*What the exercise asks*. Your task is to retype, exactly and without pictures, the line holding "Ls2 original Motorrad" and each line that follows it to the end of the entries.

*Task material*.
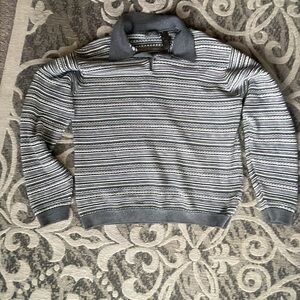Liz Claiborne Men's Black and Gray Striped Zip-Up Sweater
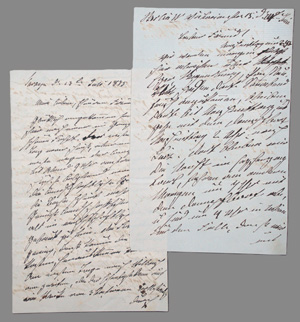 Lot 2593, Auction  126, Loewe--Calbe, Wilhelm, 2 Briefe an Freunde. 1875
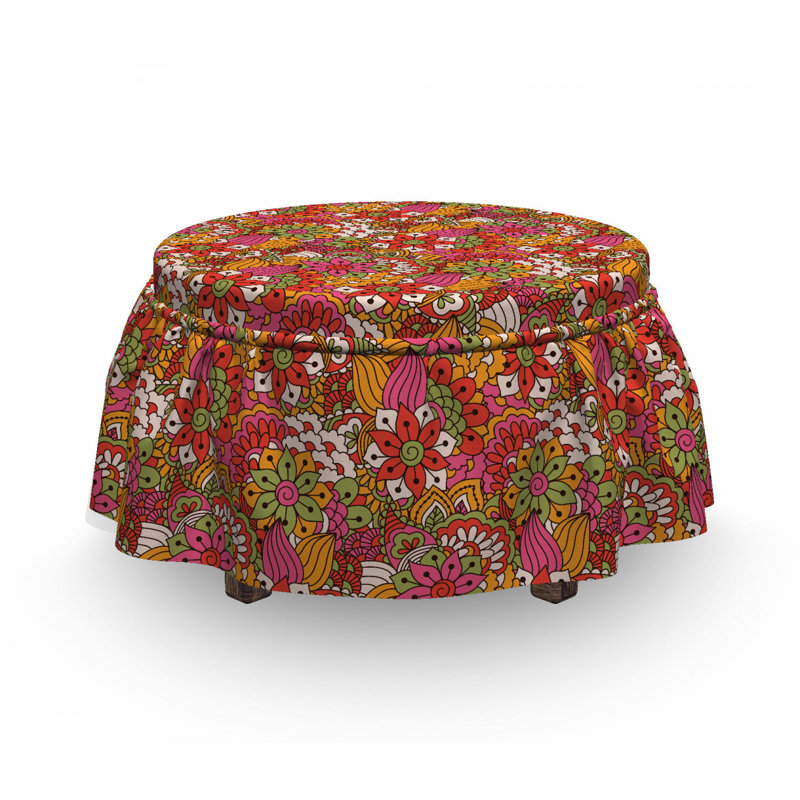 Housse pour repose-pieds à motif floral éclatant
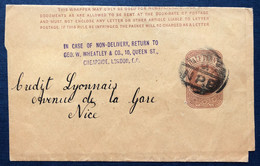 Grande Bretagne, Entier Pour Nice, France - (B4154) - Entiers Postaux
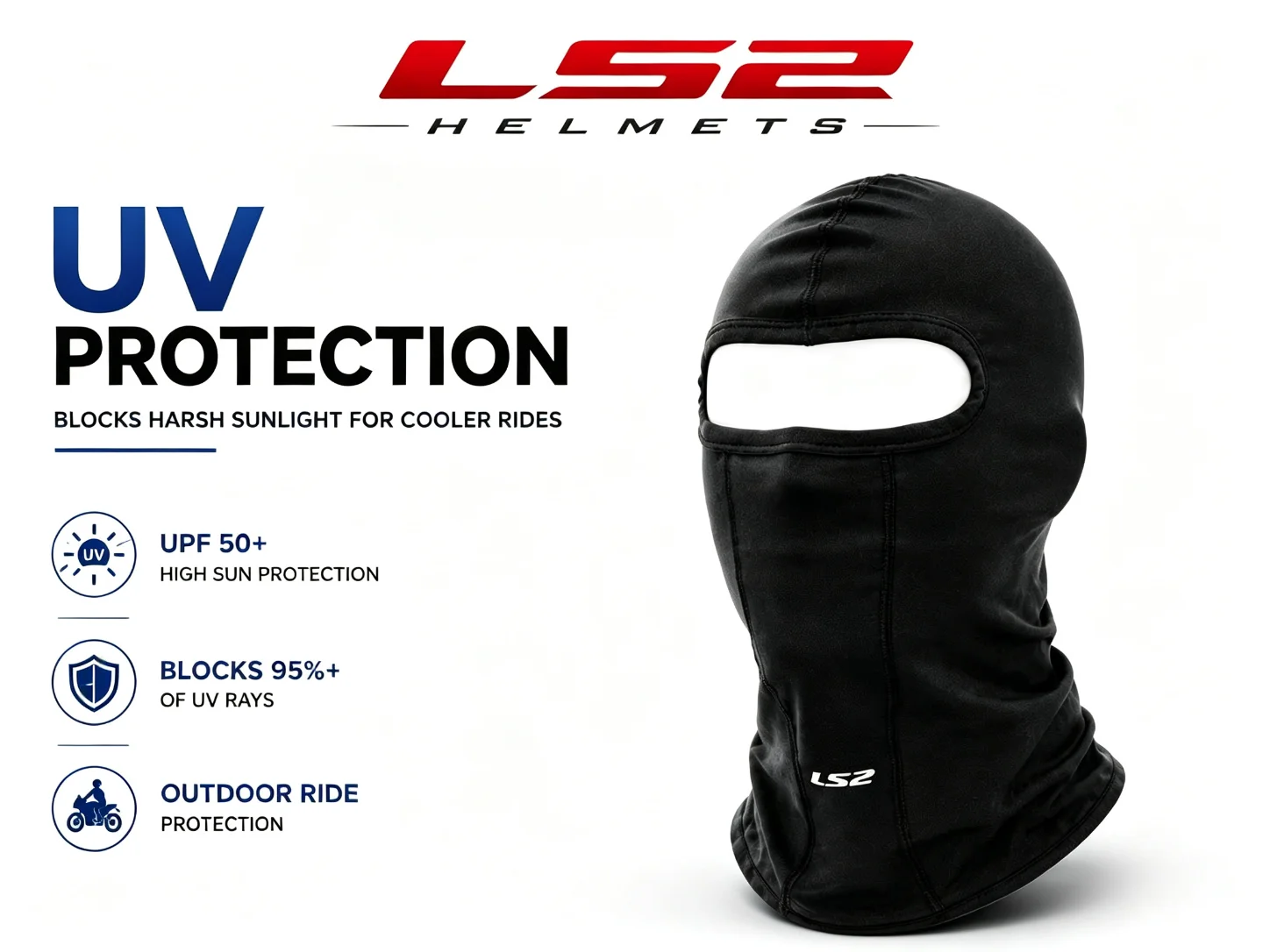 Ls2 original Motorrad Gesichts maske Sturmhaube Sommer atmungsaktive Eis Seide Motocross Reit maske UV Sonnenschutz Motorrad Zubehör – Detail 5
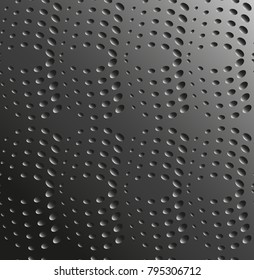Abstract pattern of black and white ovals that make up wavy futuristic lines. Vector illustration for website design, textiles, wallpapers, postcards, poster, labels mock-up.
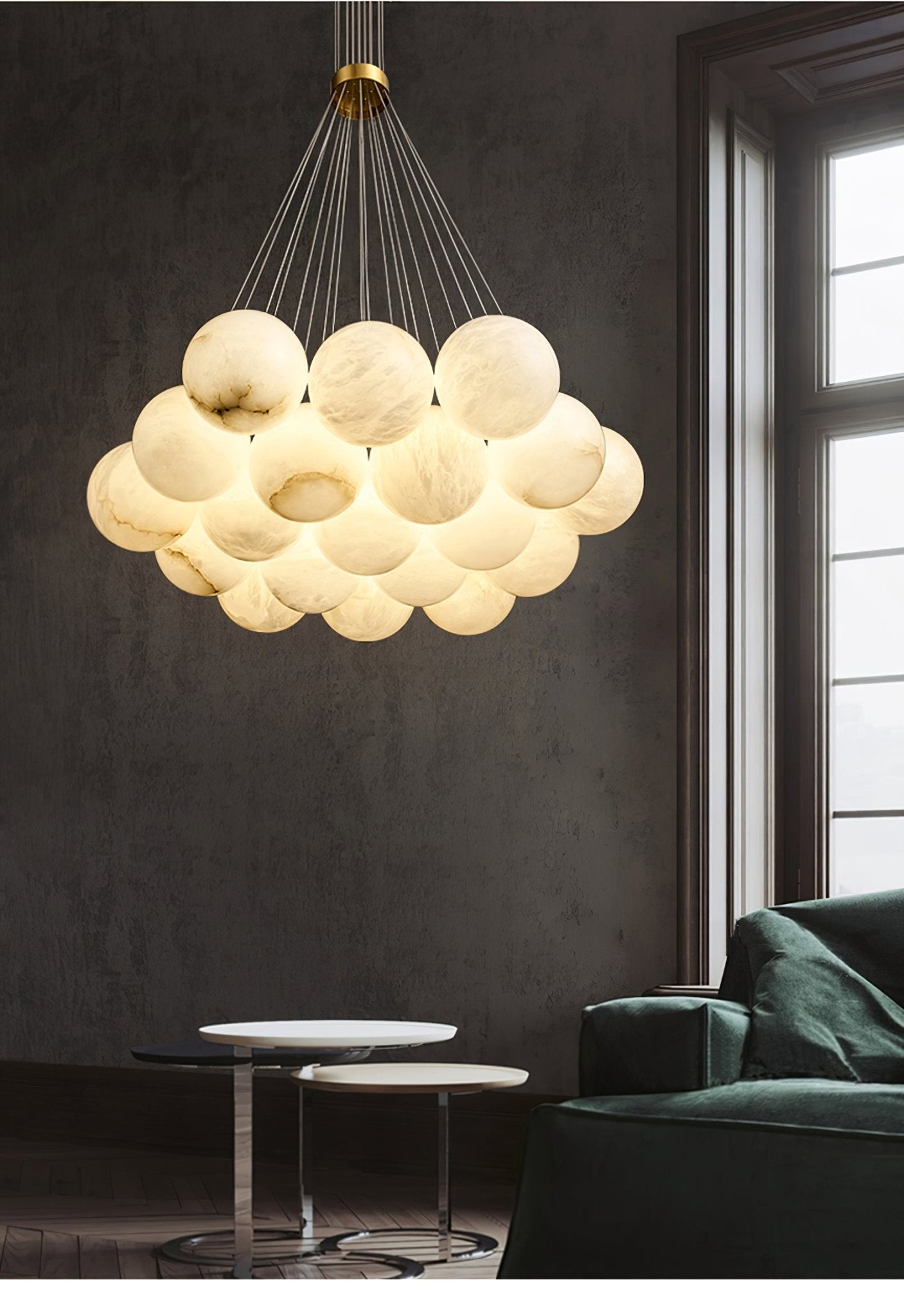 Elegant Alabaster Crystal Ball Chandelier - Modern Ceiling Light Fixture for Dining Room, Bedroom & Living Room Decor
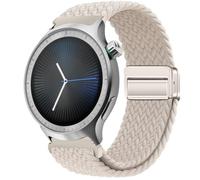 QJONSIU Strap Compatible with Motorola Moto Watch 2026, Soft Breathable Braided Nylon Replacement Band with Strong Magnetic Buckle-white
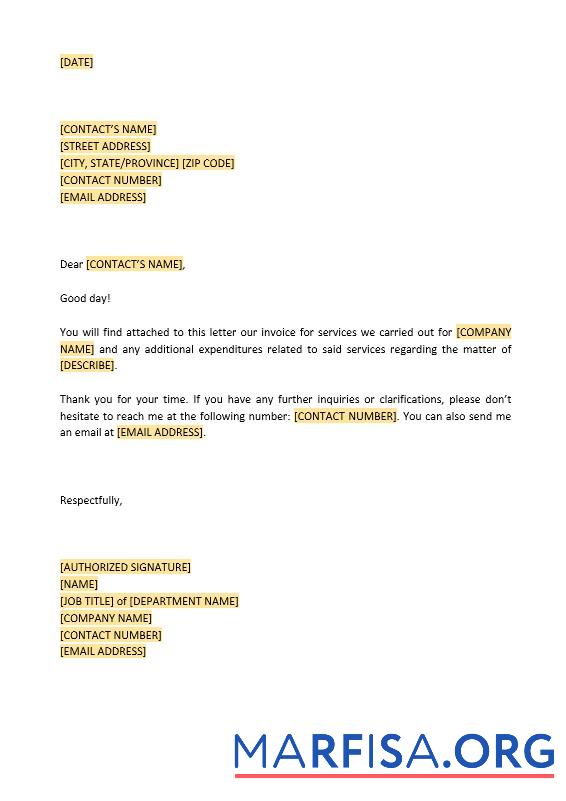 Blank Letter to Customer Invoice Attached Template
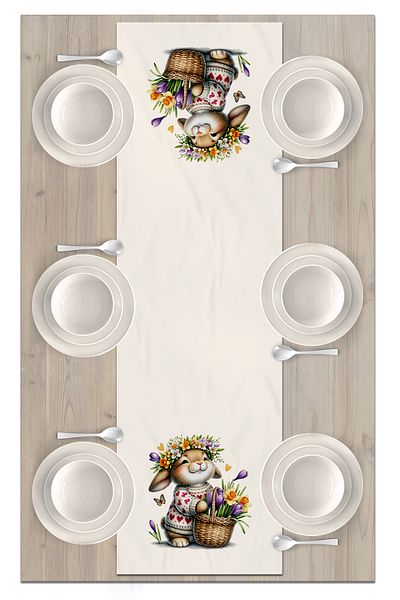 Bertille Home Spring Series 140X40 cm Digital Printed Runner (Spring Easter Easter)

*Answer*.
 Ls2 original Motorrad Gesichts maske Sturmhaube Sommer atmungsaktive Eis Seide Motocross Reit maske UV Sonnenschutz Motorrad Zubehör – Detail 5
Abstract pattern of black and white ovals that make up wavy futuristic lines. Vector illustration for website design, textiles, wallpapers, postcards, poster, labels mock-up.
 Elegant Alabaster Crystal Ball Chandelier - Modern Ceiling Light Fixture for Dining Room, Bedroom & Living Room Decor
 QJONSIU Strap Compatible with Motorola Moto Watch 2026, Soft Breathable Braided Nylon Replacement Band with Strong Magnetic Buckle-white
 Blank Letter to Customer Invoice Attached Template
 Bertille Home Spring Series 140X40 cm Digital Printed Runner (Spring Easter Easter)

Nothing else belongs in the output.